Upon microirradiation, we observed accumulation of both the KD and the 7A variant of DNA-PKCS colocalizing with γH2AX (Fig. 3 B). Accumulated KD protein proved to be phosphorylated at the Thr2609 and Thr2647 amino acid residues, but not at the Ser2056 residue (Fig. 3 B). This is consistent with our previous finding that Ser2056 is an autophosphorylation site and that phosphorylation of this residue therefore requires the DNA-PKCS kinase activity (Chen et al., 2005). The Thr2609 and Thr2647 residues, which were previously reported to be autophosphorylation sites (Chan et al., 2002; Ding et al., 2003), apparently do not require the DNA-PKCS kinase to be phosphorylated. It has recently been shown that phosphorylation of these two residues can also be mediated by ATM (Chen et al., 2007). As expected, the 7A mutant did not display phosphorylation of Thr2609, Thr2647, or Ser2056 (Fig. 3 B).
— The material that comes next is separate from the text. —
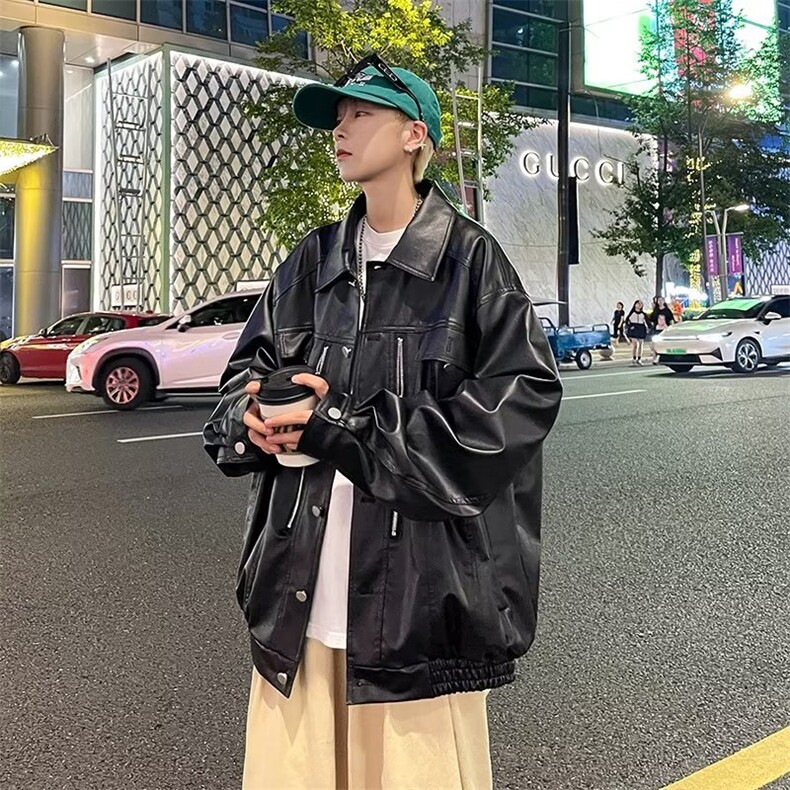 皮衣外套男高级感痞帅PU皮夹克美式复古机车服美拉德WM143-P75,男装皮衣,星座1109-3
Time-lapse imaging showed that the accumulation kinetics of the 7A and KD proteins are indistinguishable from those observed with WT DNA-PKCS (Fig. 3 C). In both mutant cells, the intensity of the fluorescent signal in the microirradiated area increased rapidly during the first 20 s and reached a level that is identical to that found in WT cells. In addition, we demonstrated that pretreatment of WT cells with 30 μM of the phosphoinositide 3 kinase inhibitor wortmannin did not alter the accumulation kinetics of DNA-PKCS (Fig. 3 C). Collectively, these data show that the kinase activity and clustered phosphorylation of the DNA-PKCS protein are dispensable for its initial localization at DSB sites.
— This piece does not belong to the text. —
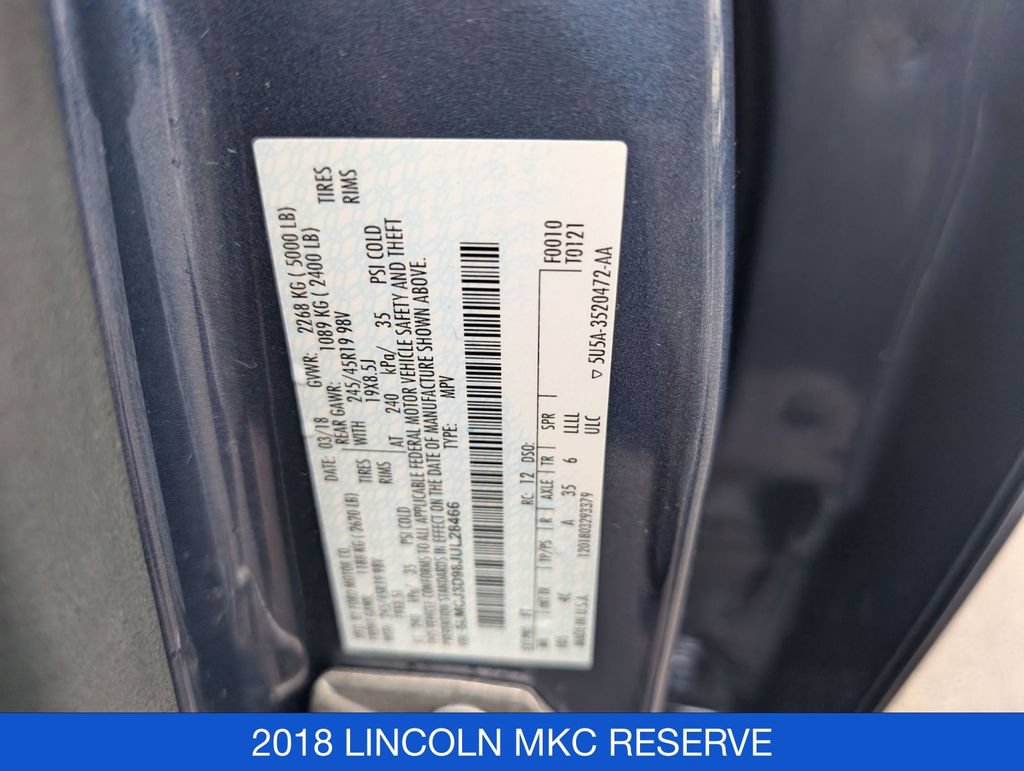 Used 2018 Lincoln MKC Reserve w/ Lincoln MKC Climate Package AWD/4WD image 35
After establishing the accumulation kinetics of both mutants at DSB sites, we performed time-lapse imaging experiments for a period of 2 h after laser irradiation. This allowed us to measure any decrease in the fluorescence intensity of the accumulation area in time. Interestingly, we observed significant differences between the behavior of WT and mutant proteins at the DSB site (Fig. 3 D). The fluorescence intensity of the accumulation area in WT cells decreased to 20% of the maximum level in a 2-h period, whereas the intensity of the accumulation area in KD and 7A cells only dropped to 80% of the maximum level in the same period of time. These results demonstrate that impairment of either DNA-PKCS kinase activity or clustered phosphorylation results in a maintained overall presence of DNA-PKCS at the DSB sites.
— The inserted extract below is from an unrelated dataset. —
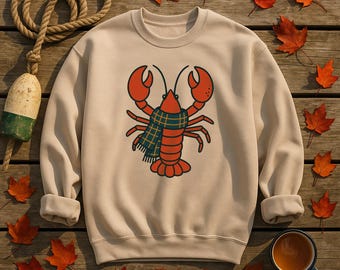 Cozy Lobster Sweatshirt, New England Coastal Crewneck, Fall Nautical Apparel, Funny Seafood Gift, Casual Holiday Outfit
The slow decrease of the fluorescence intensity of the accumulation area in mutant cells most likely reflects the inability of these cells to quickly repair the introduced DSBs because it is known that 7A and KD mutants display deficient DSB repair (Kurimasa et al., 1999; Kienker et al., 2000; Chan et al., 2002; Ding et al., 2003; Soubeyrand et al., 2003). To verify this, we generated an XRCC4-deficient (XR1) cell line that expressed YFP-tagged WT DNA-PKCS. Because XR1 cells are unable to efficiently repair DSBs (Li et al., 1995), we expected the presence of DNA-PKCS to be maintained at the DSB site. Indeed, the fluorescence intensity of the accumulation area decreased only slightly in a 2-h period and reached a level that was comparable to that of KD and 7A (Fig. 3 D). These results show that the maintained presence of DNA-PKCS at DSB sites is correlated to deficient DSB repair, independent of the cause of the deficient DSB repair.
We subsequently examined the behavior of DNA-PKCS mutants in which we impaired phosphorylation of a single site within the phosphorylation cluster. Because phosphorylation of both Thr2609 and Ser2056 is thought to be important for DSB repair via the NHEJ pathway (Chan et al., 2002; Ding et al., 2003; Chen et al., 2005; Cui et al., 2005), we generated V3 cell lines that stably expressed YFP-tagged mutant forms of DNA-PKCS that could not be phosphorylated at those sites (Fig. 3 A). Cellular expression of both mutant forms of DNA-PKCS was verified by Western blot analysis (Fig. S3).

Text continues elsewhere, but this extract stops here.